*Raw data*:
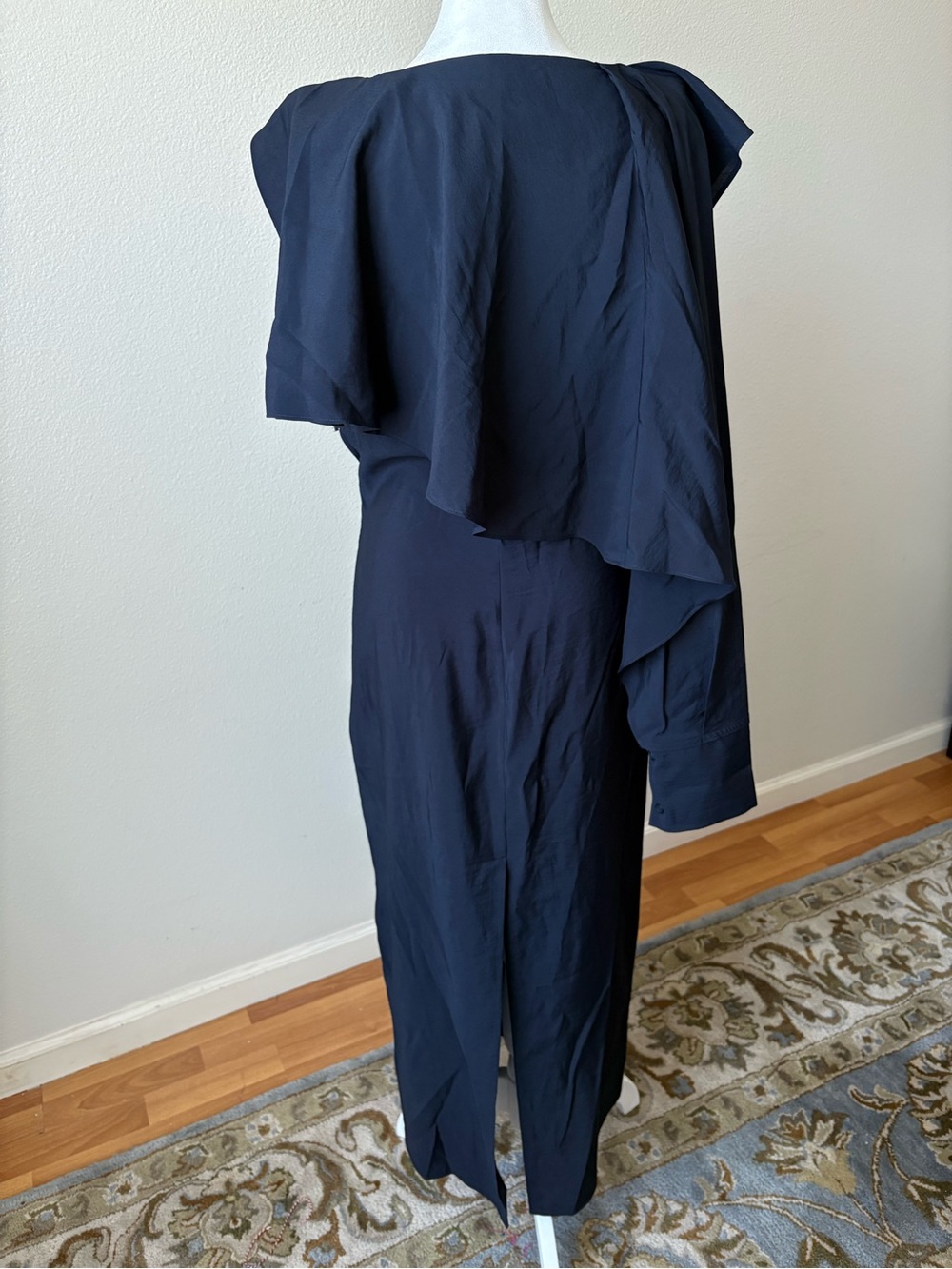COS Navy Blue Asymmetrical Maxi Dress with Draped Shoulder 8 US - Picture 10 of 11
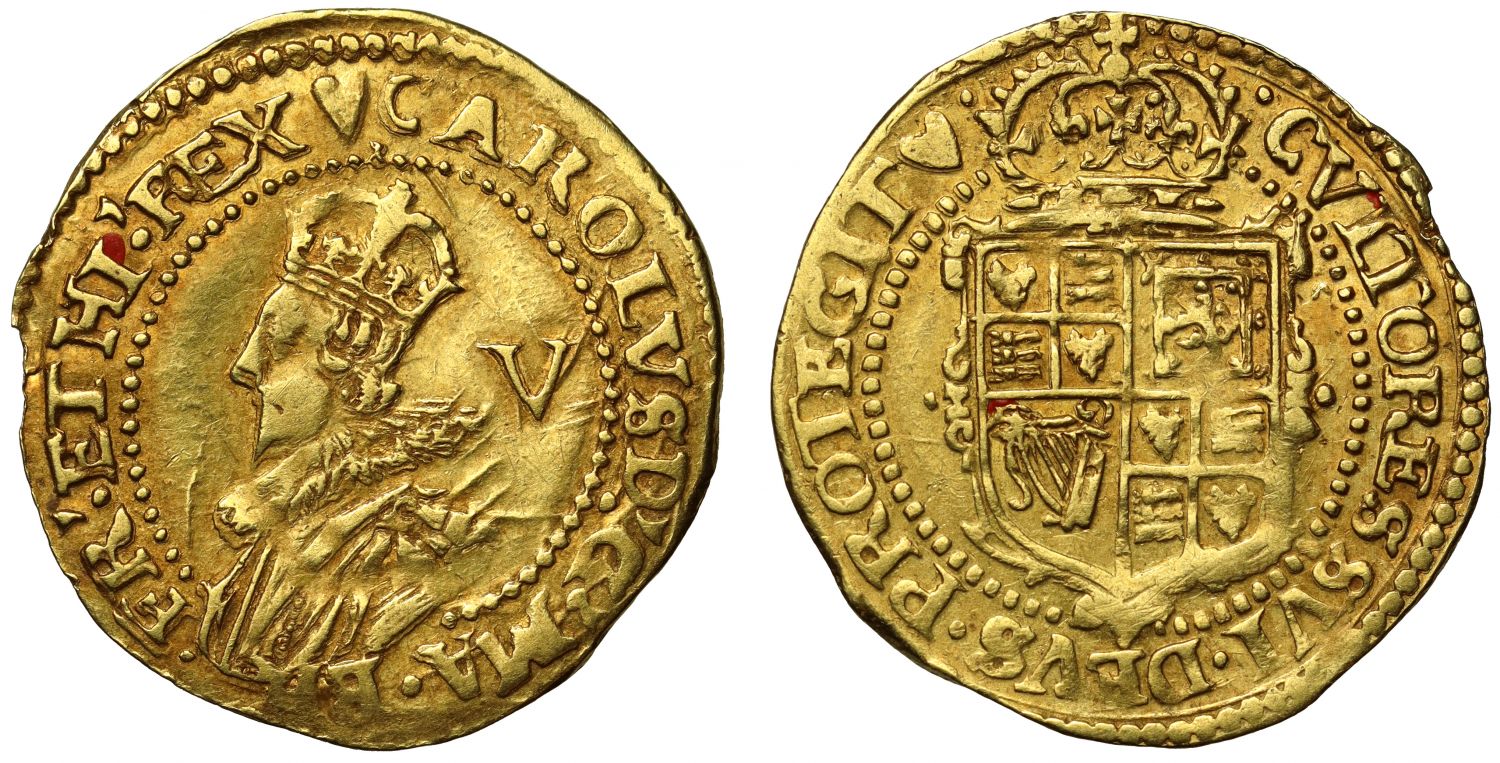 Charles I gold Crown, mm heart, ex Beresford-Jones and Clarendon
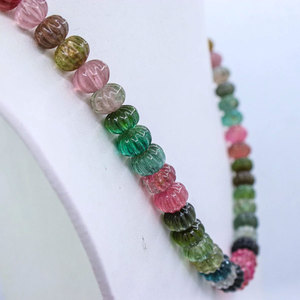 Multi Tourmaline Pumpkin <b>Beads</b> Necklace Carved Polished Stone Jewelry Making <b>Loose</b> Gemstones - Product Image 2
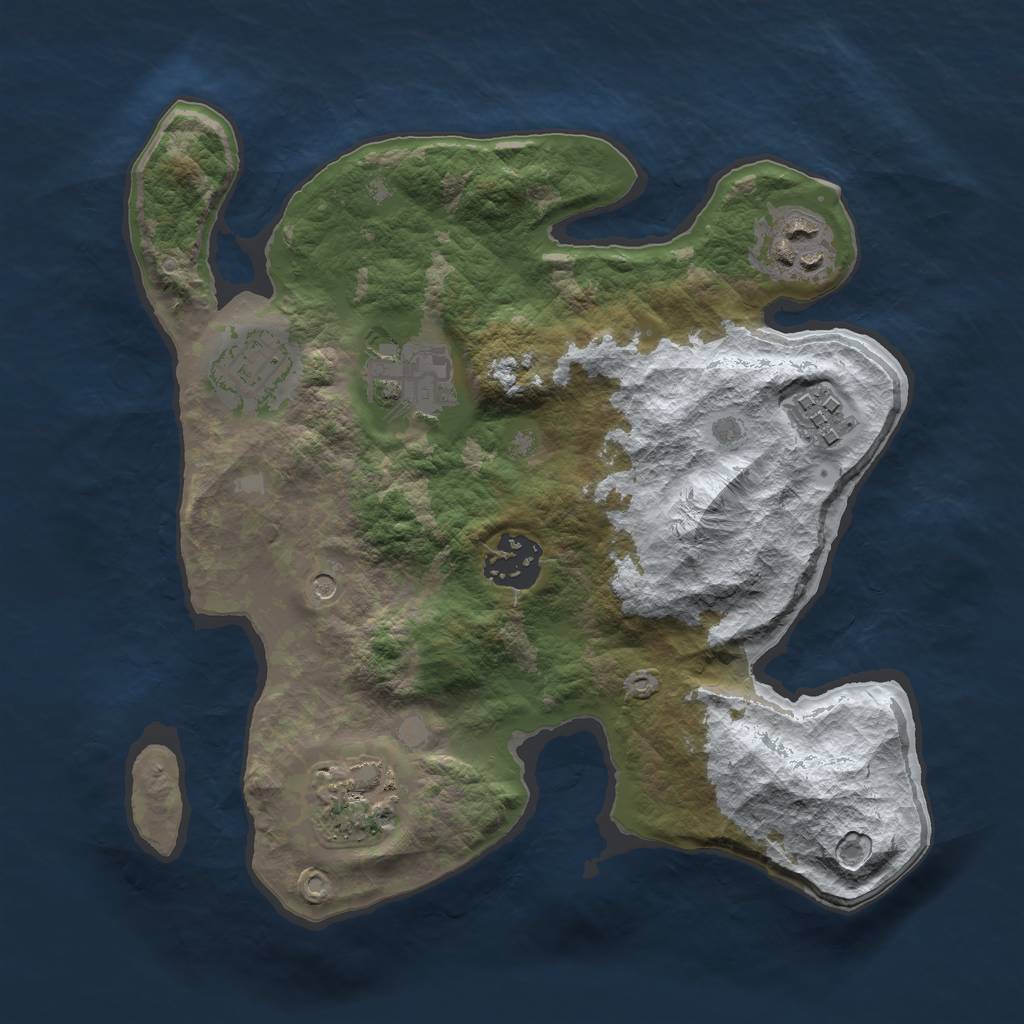 Rust Map: Barren, Size: 2700, Seed: 123456798, 9 Monuments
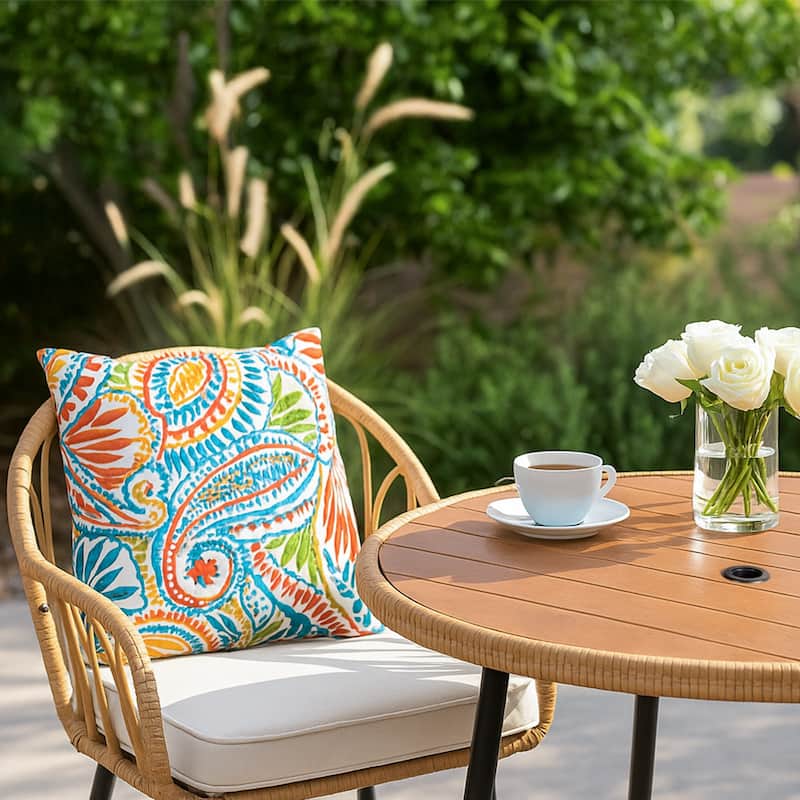 Round Outdoor Patio Weather-Resistant Dining Table with Umbrella Hole and Rattan Edge for 4 Seats - 35.4” x 35.4” x 29.9”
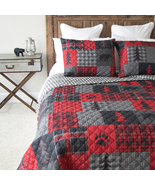 Your Lifestyle Red Forest King Quilt Set - £91.90 GBP
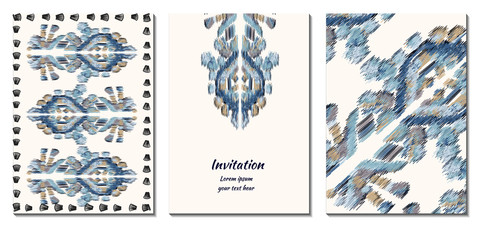 Cover royal greeting design. Modern template with ikat ornament for wedding design or greeting card any purpose.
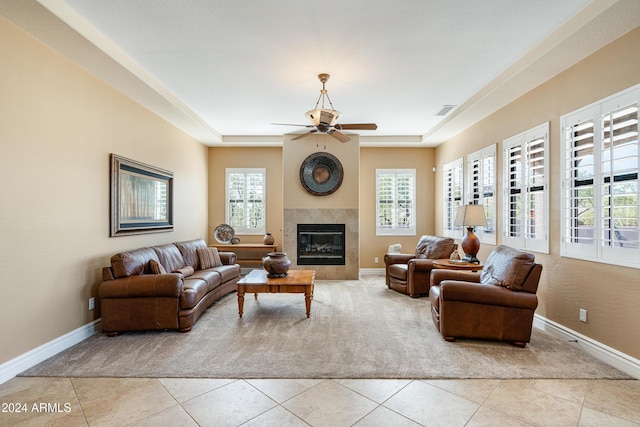 4126 S Last Chance Trl, Gold Canyon, AZ 85118 - living room with baseboards, ceiling fan, healthy amount of natural light, and light tile patterned flooring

*Aim of the exercise*: When you repeat the lines above, keep them exact and leave out each image they contain.

*Reply to the exercise*:
COS Navy Blue Asymmetrical Maxi Dress with Draped Shoulder 8 US - Picture 10 of 11
 Charles I gold Crown, mm heart, ex Beresford-Jones and Clarendon
 Multi Tourmaline Pumpkin <b>Beads</b> Necklace Carved Polished Stone Jewelry Making <b>Loose</b> Gemstones - Product Image 2
 Rust Map: Barren, Size: 2700, Seed: 123456798, 9 Monuments
 Round Outdoor Patio Weather-Resistant Dining Table with Umbrella Hole and Rattan Edge for 4 Seats - 35.4” x 35.4” x 29.9”
 Your Lifestyle Red Forest King Quilt Set - £91.90 GBP
 Cover royal greeting design. Modern template with ikat ornament for wedding design or greeting card any purpose.
 4126 S Last Chance Trl, Gold Canyon, AZ 85118 - living room with baseboards, ceiling fan, healthy amount of natural light, and light tile patterned flooring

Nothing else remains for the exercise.